09 diciembre, 2010

LA AZOTEA

En la azotea donde escribo reina un estado de paranoia inducido.
Creo que no llovió desde hace, al menos, tres siglos.
Sin embargo, durante los seis últimos meses, no ha parado de nevar.
Las palomas emigraron a las torres petrolíferas en busca de un paraje más halagüeño y acogedor.
Los últimos habitantes fueron unos roedores cubiertos con pieles de morsa.
Me hablaron de antiguos tiempos en los que el hombre ni siquiera habitaba la faz de la tierra.
Creo que les sorprendieron determinados detalles específicos en mi conversación, imposibles de referir salvo en el supuesto de haberlos vivido en primera persona.
Anoche, mientras utilizaba un bolígrafo para jugar a las tres en raya contra mi Mr.
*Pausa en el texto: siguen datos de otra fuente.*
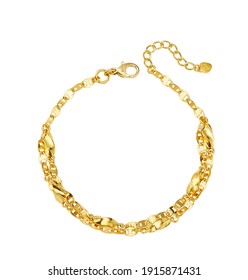 A Chain Bracelet Isolated On The White Background.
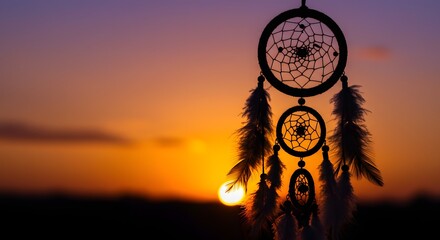 Dreamcatcher silhouette sunset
Hyde, descubrí un cadáver enterrado en el lugar más abrupto.
Me saludó y se marchó, pretextando una cita ineludible para la que se había, lamentablemente, retrasado.
Me apenó pensar que, quizá por no levantarle antes de su letargo, yo había contribuido a demorarle más de lo debido.
Continué las pisadas que había dejado y que llegaban hasta el voladizo.
El suelo, en vez de asfalto y luces de vehículos rampantes, era un mar lleno de tiburones feroces y despiadados.
Saltaban y, como si de una pelota de waterpolo se tratara, se pasaban la cabeza del infortunado impuntual.
He recogido mi libreta y he escrito, al dictado de la memoria más inmediata, los horrores que acaecen en mi azotea.
Intenté reflejar un párrafo final en el que una bella mujer me atrajese a sí y me regalase la rosa que acogía entre sus pechos.
Sin embargo, en mitad de la creación, un relámpago ha impactado y la azotea es ahora pasto de las llamas.